RHI: Repeat Hiatus Indefinitely?

Another day another strategy. This time it’s ‘the Future of Heating: `Meeting the Challenge’, published by DECC on Tuesday last. It’s all pretty good stuff, to be honest, and claims, as Ed Davey writes in the forward, that ‘there has been a historic failure to get to grips with one part of the energy jigsaw: the supply of low carbon heat… this document plugs that hole’.

And in plugging that hole, the document announces that ‘in November 2011, the Government launched the world’s first renewable heat incentive, paying tariffs to non-domestic heating systems that use renewable sources of heating’ … and … ‘has consulted on Renewable Heat Incentive tariffs for domestic buildings’ … ‘Details of tariff levels and eligibility are expected to be published this summer.’

So there you are then. The ‘world’s first’ RHI is to be extended to domestic properties, and we’re going to find out soon what the exact programme will consist of, so that we can gear up for the scheme coming to a property near us (or maybe even our own properties). Sounds like a winner.

Except, of course that it isn’t, as a rather shamefaced written statement issued on the same day alongside the spanking new document recounted. It announced that:

‘We intend to announce the final details of the domestic and expansions to the non-domestic RHI in summer 2013 and open the schemes for payment from spring 2014. To provide continued support to the domestic renewable heat market in the interim period we will extend the renewable heat premium payment scheme for a further year to March 2014 with the same level of support as in 2012-13.’

Hold on a minute! Final details? Continued support? Well yes, that refers to the continuation of the Renewable Heat Premium Payment. This is a grant given to domestic renewable heat installers in lieu of tariffs, from when the domestic properties Renewable Heat Incentive was supposed to have started last year, alongside the Green Deal. And that, in itself was a considerable delay on the legislative passage of the Renewable Heat Incentive, passed into law in the Energy Act 2009, alongside the Feed in Tariff for renewable electricity which it was supposed to have been introduced alongside. So now the grant system its being extended for another year, whilst the tariff rate is worked out. And what was the Renewable Heat Incentive for domestic properties supposed to have replaced ? Well, a … er… grant system, called the Low Carbon Building Programme which provided some up front grant funding to offset the cost of installing renewable heat, among other things. And it provided quite a lot of support for pellet operated boilers, and ground source heat pumps. Shame it was taken away, but then replacing it with a tariff system … I think you get the idea.

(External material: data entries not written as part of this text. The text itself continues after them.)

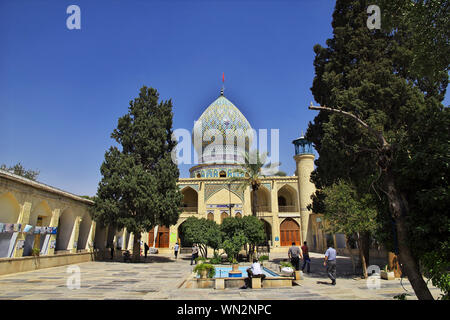 Shah Cherah Moschee in Shiraz, Iran. Spiegel Moschee. Stockfoto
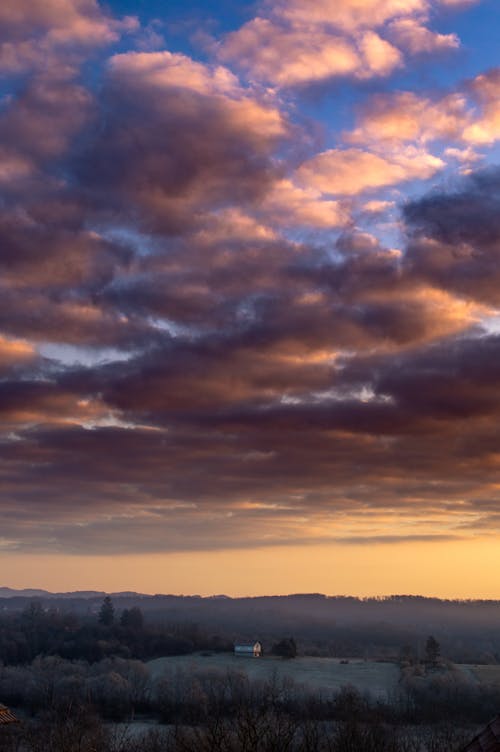 Gratis stockfoto met bewolkte lucht, dramatisch, gouden uur
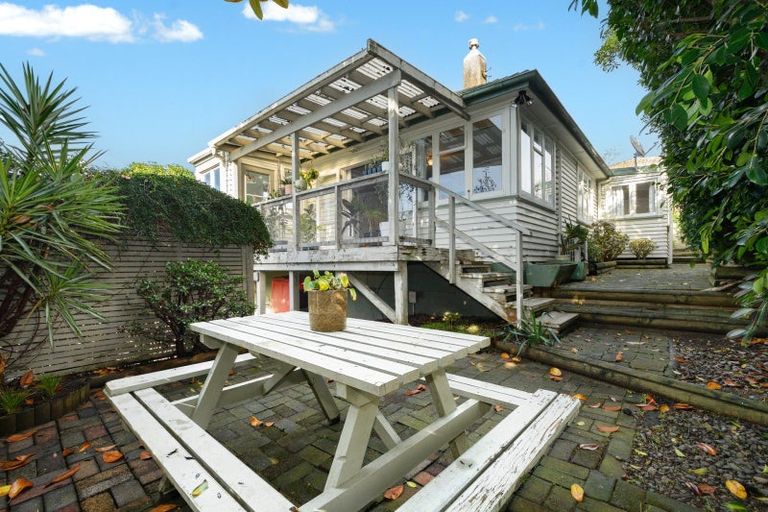 Photo of property in 9a Dunkirk Street, Gate Pa, Tauranga, 3112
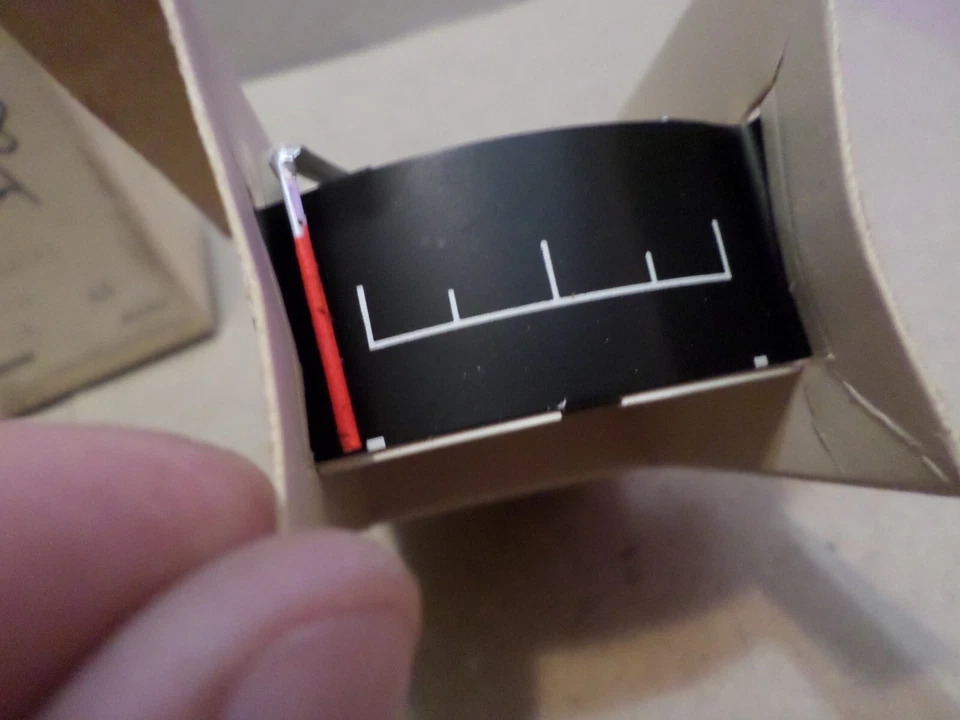 Chrysler Imperial Lebaron Crown 1967 1968 tablero indicador de combustible 2580541 Foto 3 de 4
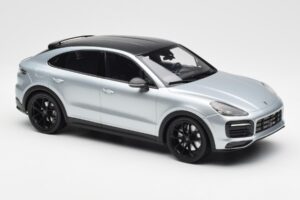 Porsche Cayenne E3 S Coupe Dolo Srebrn Norev 1:18 WAP0213220K Kovina – slika 4 od 6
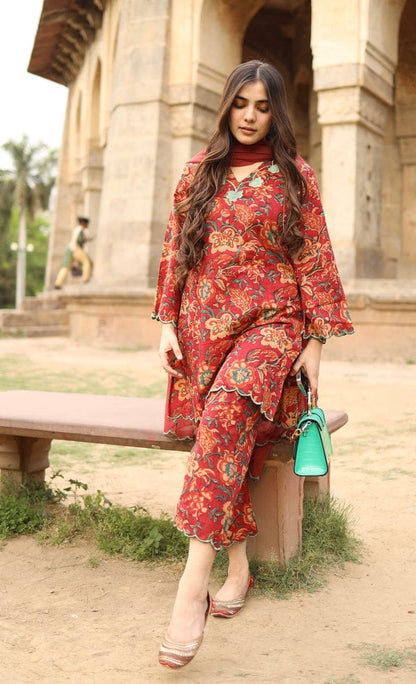 MARIA MAROON CONTRAST GREEN SCALLOPS CO-ORD SET PAIRED WITH KOTA DORIA  DUPATTA EMBROIDERED 2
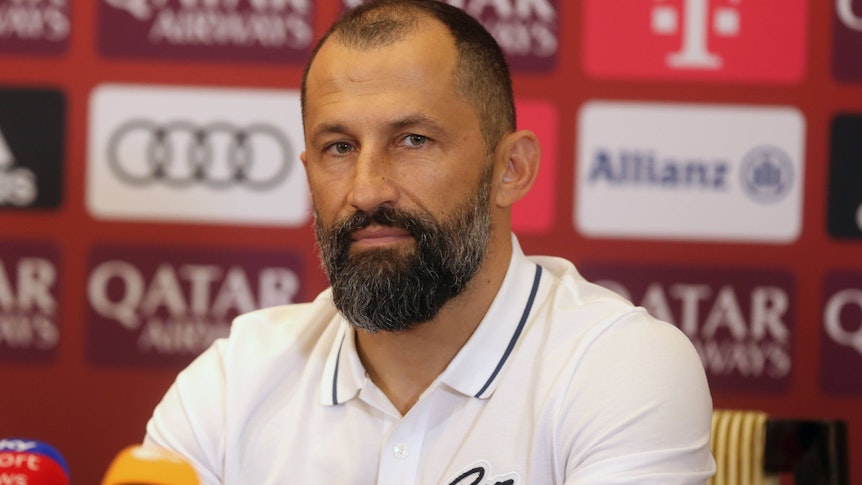 Bayern-Sportdirektor Hasan Salihamidzic am 7. Januar 2023 auf einer Pressekonferenz in Doha grimmig schauend.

So to summarise, the RHI replaced the old grant system for domestic properties, except it didn’t, and except it caused a hiatus in grants until they were replaced last year, and now it won’t replace a restored grants system until next year; and meanwhile no-one knows what the tariffs will actually be.

Oh, and the budgets for Renewable Heat Incentive which were originally intended to be funded from levies were replaced with funding from general taxation and disappear back to Treasury each year they are underspent which, with the delays in domestic RHI among other things , they have been to the tune of about 90%. So not really very much progress on the ‘target’ in the Renewable Energy Roadmap, of 600,000 heat pumps installed by 2020, and of renewable heat making up about 15% of overall renewable energy.

Altogether not quite the ‘way forward’ set out by the ‘Future of Heating.’ On the contrary more than a bit of a shambles. It is difficult to see quite why, with the time that has elapsed, DECC still do not seem to have a clear idea of what tariffs for domestic renewable heat installations will be, or indeed how they will be measured for the issuing of support on the basis of those tariffs. And meanwhile, some very good technology and some hitherto quite achievable targets on heat languish through inaction.

Given that deployment is falling so much short of budgets, and that money disappears each year when it is not spent, I would have thought that a programme of getting domestic renewable heat kick-started might consist of paying a double grant over at least the next year, so that people have the confidence to get installing. It would after all be a nil net cost, because it always has been the intention of the RHI to recover ‘temporary’ Renewable Heating Premium Payments from the RHI tariff once established. Or if DECC were a little more adventurous, simply to return to something like low carbon building grants for the next few years. Either way at least something would happen. Putting out up-beat strategies in documents that are immediately countered by statements instituting delays that can only move in the opposite direction from the strategy statements will, on the other hand, almost certainly ensure that nothing does.